The Observer editorial board

Lake Norman Charter, which Lindsey Moore attends, is one of the state’s best.
Lake Norman Charter, which Lindsey Moore attends, is one of the state’s best. jsimmons@charlotteobserver.com

For years, charter school advocates have tried to convince us that the independently run schools are generally superior to traditional public schools. Free to innovate, they are a particularly attractive option for kids trapped in the poorest schools, their backers argue.

For years, we have recognized the potential and delighted in the successes. Yet we have also seen that they are no panacea. There are strong charter schools and weak ones, just like traditional public schools. Rather than embracing a blind devotion to charters, adults would best serve students by studying the most effective ones and applying their tools to far more campuses.

On Thursday, the newest evidence emerged that there’s nothing magic about charter schools. The state Department of Public Instruction released letter grades for each public school, based on the school’s academic performance and growth.

As the Observer’s Ann Doss Helms reported, charter schools in Mecklenburg County generally fared worse than traditional Charlotte-Mecklenburg Schools.

Eight of 34 charter schools earned an F, or nearly one in four. Just five of 165 traditional public schools (3 percent) earned an F.

Eleven of 34 charter schools received an A or B (32 percent), compared with 67 of 165 traditional schools (41 percent).

A third of charter schools in Mecklenburg failed to meet expected academic growth. Just 14 percent of traditional CMS schools failed on that measure.

To be sure, there are flaws in the state’s grading system. And student body traits at certain schools may further explain their performance. But Thursday’s numbers confirm that charter schools are not, generally speaking, clearly superior to traditional schools.
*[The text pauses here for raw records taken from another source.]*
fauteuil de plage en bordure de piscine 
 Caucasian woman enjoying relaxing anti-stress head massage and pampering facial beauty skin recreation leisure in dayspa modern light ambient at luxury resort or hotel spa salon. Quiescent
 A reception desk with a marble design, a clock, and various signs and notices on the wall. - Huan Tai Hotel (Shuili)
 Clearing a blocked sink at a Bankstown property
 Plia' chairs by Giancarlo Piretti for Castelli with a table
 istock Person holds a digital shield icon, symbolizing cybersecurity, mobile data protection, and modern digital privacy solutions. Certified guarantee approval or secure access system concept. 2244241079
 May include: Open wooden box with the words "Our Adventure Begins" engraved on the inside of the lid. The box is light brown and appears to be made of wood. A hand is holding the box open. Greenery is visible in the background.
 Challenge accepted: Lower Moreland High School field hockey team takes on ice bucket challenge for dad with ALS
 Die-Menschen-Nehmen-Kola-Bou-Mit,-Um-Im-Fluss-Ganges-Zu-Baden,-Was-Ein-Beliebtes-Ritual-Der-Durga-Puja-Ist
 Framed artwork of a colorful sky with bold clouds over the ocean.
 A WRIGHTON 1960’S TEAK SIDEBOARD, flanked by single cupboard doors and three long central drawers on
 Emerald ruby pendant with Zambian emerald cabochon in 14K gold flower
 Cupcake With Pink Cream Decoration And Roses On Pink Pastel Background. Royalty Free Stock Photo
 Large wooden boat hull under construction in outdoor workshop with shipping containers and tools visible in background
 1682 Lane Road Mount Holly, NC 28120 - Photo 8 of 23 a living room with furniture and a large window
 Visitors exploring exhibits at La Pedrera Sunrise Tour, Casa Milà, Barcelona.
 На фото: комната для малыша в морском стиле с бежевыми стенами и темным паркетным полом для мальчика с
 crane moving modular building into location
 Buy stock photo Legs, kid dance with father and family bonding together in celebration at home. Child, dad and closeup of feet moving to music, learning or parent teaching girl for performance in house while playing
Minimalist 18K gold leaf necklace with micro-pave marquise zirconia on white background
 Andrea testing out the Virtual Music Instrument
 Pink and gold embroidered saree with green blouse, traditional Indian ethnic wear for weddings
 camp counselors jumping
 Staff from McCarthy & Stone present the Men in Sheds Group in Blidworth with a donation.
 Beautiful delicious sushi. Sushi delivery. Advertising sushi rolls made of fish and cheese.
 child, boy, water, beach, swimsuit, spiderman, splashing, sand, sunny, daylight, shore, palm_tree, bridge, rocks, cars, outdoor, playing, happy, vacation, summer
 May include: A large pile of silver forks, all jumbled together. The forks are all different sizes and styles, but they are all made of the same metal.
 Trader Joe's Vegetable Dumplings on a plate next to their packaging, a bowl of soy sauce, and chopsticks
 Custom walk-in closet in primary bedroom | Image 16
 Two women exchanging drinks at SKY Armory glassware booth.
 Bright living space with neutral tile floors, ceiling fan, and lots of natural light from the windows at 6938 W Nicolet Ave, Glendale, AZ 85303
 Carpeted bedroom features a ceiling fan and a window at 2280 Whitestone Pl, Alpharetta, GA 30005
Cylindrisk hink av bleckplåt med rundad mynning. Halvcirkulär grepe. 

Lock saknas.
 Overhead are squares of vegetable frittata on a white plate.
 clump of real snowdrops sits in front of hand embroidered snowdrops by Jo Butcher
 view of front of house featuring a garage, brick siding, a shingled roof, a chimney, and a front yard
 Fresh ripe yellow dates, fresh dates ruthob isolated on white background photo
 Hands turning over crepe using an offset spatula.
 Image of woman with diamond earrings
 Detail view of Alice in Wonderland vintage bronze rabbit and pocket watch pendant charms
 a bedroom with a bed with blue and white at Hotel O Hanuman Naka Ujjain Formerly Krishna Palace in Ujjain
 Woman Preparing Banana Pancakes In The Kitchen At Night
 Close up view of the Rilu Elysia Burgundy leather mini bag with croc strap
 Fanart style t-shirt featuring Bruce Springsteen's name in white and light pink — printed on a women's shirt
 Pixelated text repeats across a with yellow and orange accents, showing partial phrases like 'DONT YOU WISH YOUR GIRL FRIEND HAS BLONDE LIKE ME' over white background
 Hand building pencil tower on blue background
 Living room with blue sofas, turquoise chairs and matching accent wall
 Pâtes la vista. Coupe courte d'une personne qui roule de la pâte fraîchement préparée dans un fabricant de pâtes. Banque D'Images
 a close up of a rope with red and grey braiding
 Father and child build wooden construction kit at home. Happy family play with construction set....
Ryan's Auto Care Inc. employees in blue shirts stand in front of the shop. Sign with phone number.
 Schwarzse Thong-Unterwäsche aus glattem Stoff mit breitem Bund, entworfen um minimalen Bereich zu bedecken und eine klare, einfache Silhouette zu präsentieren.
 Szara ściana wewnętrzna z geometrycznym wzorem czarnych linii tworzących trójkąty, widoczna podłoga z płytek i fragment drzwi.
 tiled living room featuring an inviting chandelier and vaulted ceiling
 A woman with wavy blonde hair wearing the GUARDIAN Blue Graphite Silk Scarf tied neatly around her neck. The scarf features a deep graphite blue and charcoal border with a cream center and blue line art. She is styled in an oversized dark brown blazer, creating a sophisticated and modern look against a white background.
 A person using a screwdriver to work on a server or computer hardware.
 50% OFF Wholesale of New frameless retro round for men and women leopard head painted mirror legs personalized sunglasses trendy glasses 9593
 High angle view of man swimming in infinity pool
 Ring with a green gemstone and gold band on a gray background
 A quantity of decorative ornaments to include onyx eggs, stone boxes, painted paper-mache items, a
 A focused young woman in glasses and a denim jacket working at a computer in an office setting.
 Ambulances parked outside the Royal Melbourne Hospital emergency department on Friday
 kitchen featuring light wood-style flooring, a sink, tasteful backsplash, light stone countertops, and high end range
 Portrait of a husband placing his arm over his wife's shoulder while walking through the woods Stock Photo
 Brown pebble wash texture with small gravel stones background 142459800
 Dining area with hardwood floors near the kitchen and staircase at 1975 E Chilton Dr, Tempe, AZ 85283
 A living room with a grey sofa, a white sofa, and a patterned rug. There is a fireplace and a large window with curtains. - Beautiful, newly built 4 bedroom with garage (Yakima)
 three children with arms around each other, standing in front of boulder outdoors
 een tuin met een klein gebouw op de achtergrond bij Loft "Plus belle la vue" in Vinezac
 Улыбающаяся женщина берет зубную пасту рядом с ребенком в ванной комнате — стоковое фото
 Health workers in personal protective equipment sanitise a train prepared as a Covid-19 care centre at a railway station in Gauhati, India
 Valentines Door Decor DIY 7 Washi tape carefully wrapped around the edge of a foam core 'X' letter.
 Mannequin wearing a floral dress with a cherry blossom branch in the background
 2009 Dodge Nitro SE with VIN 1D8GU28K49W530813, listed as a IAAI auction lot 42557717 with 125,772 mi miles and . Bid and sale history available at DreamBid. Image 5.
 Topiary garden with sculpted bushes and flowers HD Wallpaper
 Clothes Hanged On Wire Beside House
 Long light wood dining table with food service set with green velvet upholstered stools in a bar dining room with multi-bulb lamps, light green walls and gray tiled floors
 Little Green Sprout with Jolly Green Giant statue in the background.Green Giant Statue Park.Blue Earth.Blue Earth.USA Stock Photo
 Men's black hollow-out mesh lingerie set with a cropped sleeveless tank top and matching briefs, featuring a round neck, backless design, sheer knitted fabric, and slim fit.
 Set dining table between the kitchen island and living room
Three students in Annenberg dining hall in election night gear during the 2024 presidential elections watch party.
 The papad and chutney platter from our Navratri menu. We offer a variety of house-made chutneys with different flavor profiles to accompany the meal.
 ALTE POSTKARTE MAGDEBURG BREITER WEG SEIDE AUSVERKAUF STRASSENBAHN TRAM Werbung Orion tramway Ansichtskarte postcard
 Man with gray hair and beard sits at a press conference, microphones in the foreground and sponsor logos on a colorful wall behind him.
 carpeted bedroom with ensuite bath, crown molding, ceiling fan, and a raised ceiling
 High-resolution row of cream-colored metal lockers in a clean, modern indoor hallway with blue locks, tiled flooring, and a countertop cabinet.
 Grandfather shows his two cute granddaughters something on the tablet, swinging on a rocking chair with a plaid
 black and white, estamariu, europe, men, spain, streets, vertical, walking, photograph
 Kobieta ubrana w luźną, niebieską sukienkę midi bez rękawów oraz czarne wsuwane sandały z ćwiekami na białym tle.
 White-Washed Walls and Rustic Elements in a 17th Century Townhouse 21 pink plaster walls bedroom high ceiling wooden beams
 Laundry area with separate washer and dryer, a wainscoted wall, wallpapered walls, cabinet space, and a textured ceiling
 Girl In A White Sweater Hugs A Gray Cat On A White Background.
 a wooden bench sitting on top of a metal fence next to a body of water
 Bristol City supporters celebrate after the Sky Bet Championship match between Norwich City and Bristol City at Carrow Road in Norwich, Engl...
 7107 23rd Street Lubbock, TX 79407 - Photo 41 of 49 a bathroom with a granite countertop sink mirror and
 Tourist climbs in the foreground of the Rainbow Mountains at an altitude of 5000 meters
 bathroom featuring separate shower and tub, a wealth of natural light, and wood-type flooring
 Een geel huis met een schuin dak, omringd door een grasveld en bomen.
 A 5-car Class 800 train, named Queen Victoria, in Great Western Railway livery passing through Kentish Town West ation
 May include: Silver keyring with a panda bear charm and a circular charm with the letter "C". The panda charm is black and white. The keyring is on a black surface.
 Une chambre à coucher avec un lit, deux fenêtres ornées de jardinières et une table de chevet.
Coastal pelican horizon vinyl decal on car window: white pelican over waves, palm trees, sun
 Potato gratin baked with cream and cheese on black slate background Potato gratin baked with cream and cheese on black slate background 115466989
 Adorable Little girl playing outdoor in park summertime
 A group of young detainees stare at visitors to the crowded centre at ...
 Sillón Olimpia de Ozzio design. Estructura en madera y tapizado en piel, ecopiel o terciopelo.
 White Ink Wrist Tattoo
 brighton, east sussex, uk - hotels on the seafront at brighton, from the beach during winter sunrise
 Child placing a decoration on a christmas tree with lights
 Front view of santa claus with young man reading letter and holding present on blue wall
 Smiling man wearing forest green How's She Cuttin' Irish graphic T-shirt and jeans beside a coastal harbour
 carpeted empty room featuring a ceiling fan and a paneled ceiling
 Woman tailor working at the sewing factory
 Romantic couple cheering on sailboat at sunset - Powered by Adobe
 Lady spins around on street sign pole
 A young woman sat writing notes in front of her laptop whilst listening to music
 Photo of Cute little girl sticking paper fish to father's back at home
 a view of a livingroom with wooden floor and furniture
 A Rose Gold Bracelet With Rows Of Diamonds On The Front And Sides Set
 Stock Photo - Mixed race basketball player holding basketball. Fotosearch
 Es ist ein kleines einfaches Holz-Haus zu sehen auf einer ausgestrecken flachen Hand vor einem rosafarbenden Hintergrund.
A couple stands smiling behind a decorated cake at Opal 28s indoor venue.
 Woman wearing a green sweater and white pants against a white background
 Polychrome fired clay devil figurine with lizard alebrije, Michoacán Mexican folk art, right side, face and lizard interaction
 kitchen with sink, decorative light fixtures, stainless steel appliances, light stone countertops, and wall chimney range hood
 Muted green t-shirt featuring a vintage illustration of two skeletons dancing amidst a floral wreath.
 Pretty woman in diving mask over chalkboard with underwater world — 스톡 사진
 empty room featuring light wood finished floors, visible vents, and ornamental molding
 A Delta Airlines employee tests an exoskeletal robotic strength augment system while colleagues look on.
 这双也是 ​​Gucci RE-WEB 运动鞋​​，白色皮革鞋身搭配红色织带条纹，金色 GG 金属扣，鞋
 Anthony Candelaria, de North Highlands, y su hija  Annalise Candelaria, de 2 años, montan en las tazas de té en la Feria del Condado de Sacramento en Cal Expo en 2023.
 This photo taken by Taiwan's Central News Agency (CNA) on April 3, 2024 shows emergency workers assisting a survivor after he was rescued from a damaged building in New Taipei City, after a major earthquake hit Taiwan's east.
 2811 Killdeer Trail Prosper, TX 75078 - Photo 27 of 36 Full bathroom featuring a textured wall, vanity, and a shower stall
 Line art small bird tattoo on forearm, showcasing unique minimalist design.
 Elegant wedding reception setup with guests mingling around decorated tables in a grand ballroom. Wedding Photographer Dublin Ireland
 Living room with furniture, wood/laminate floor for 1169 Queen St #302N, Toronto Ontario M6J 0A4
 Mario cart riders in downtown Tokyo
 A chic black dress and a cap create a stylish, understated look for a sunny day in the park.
Charter schools started in 1991 in Minnesota, with Democrats leading the push for their authorization through the legislature. They saw them as a way to experiment and innovate without all the regulations other schools faced. Somewhere along the way, they became a favorite of Republicans while Democrats tend to be protective of traditional public schools.

Educating children well should be a bipartisan goal, of course. Both parties should see that the best charter schools can contribute mightily to that while the rest need to shape up or shut down.